**Directions for this task:**
Within the records below, find the line with "Με Ολυμπιακό στην" and the line with "La Carline Bed", then reproduce exactly those two lines and all lines between them, without any picture.

**Extracted records:**

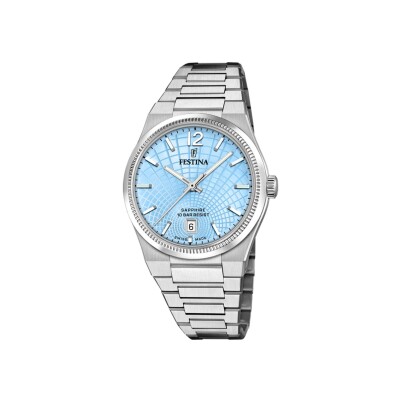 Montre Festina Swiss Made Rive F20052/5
...
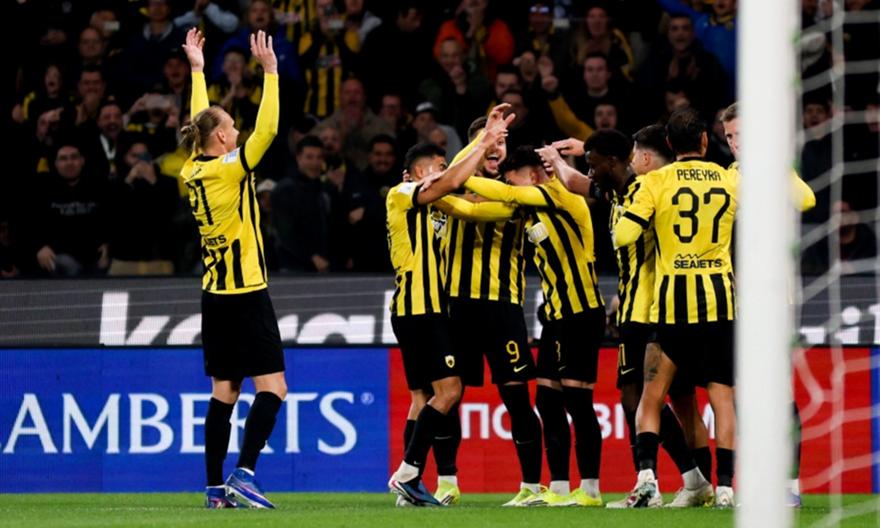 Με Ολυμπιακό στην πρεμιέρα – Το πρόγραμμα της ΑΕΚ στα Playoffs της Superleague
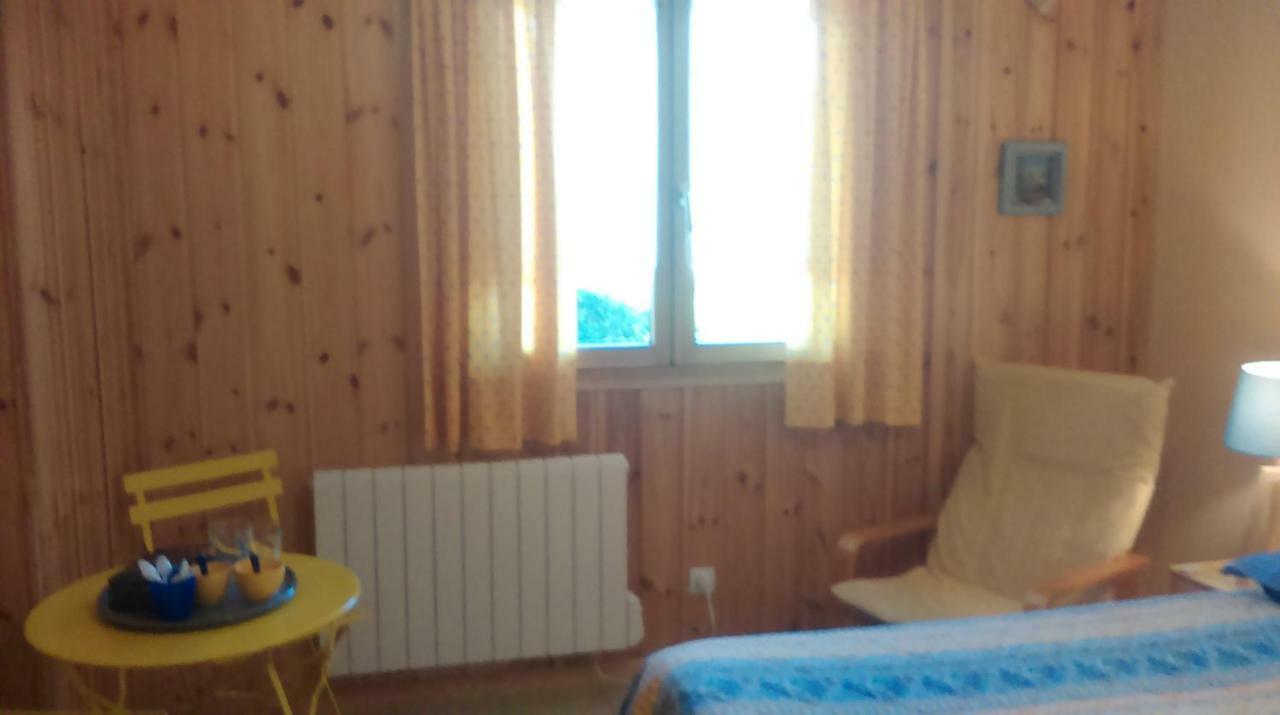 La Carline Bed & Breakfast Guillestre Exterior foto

**Task response:**
 Με Ολυμπιακό στην πρεμιέρα – Το πρόγραμμα της ΑΕΚ στα Playoffs της Superleague
 La Carline Bed & Breakfast Guillestre Exterior foto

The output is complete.